◆ **WORK REQUIRED**:
Wherever "from" appears in the records below, copy the line that holds it.

◆ **DATA RECORDS**:

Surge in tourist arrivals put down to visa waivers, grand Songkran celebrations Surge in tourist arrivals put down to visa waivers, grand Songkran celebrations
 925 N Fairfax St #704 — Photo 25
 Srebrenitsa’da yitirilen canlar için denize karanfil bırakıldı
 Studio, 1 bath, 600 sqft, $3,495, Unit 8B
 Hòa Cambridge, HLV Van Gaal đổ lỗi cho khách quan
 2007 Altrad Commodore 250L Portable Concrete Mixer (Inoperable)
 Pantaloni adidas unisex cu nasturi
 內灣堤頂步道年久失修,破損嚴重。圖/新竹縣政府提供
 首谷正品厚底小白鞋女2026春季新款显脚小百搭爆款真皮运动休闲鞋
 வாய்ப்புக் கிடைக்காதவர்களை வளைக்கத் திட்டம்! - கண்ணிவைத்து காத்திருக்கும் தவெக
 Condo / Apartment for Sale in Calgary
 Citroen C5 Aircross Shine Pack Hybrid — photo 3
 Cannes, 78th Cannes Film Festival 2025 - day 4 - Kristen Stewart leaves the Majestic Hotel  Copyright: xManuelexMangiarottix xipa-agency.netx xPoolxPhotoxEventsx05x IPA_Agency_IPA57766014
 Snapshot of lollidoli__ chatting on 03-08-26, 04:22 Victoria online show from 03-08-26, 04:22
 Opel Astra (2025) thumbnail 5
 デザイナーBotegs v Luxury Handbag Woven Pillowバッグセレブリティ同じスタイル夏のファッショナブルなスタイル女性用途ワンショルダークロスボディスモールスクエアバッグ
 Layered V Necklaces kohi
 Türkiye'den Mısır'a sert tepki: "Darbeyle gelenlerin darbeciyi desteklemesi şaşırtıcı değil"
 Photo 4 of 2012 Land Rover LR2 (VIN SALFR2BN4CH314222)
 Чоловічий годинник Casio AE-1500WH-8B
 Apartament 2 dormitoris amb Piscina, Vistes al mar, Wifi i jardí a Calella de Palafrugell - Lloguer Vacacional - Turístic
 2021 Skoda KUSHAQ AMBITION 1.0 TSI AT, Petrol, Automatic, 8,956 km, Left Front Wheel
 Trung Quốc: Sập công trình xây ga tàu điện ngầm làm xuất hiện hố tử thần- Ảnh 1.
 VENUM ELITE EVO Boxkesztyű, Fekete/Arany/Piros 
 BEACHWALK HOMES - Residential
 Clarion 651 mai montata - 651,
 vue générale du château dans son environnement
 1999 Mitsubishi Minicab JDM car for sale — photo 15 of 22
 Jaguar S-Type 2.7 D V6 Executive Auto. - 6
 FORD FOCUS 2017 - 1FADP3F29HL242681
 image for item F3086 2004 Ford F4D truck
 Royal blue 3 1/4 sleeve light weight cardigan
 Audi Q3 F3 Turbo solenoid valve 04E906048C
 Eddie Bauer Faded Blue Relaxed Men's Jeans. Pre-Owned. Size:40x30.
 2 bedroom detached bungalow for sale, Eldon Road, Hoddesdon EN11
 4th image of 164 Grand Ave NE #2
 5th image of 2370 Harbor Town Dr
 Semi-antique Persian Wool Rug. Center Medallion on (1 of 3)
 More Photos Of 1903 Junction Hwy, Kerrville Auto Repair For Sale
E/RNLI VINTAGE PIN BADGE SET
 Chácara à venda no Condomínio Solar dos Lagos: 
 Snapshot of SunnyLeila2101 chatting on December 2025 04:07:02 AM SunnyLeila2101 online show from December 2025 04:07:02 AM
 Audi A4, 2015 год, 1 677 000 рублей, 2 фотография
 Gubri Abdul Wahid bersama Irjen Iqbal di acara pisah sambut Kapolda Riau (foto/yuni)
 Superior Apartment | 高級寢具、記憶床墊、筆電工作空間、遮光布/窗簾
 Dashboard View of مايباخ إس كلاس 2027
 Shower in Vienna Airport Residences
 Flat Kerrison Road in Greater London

◆ **EXERCISE RESPONSE**:
 Snapshot of lollidoli__ chatting on 03-08-26, 04:22 Victoria online show from 03-08-26, 04:22
 Snapshot of SunnyLeila2101 chatting on December 2025 04:07:02 AM SunnyLeila2101 online show from December 2025 04:07:02 AM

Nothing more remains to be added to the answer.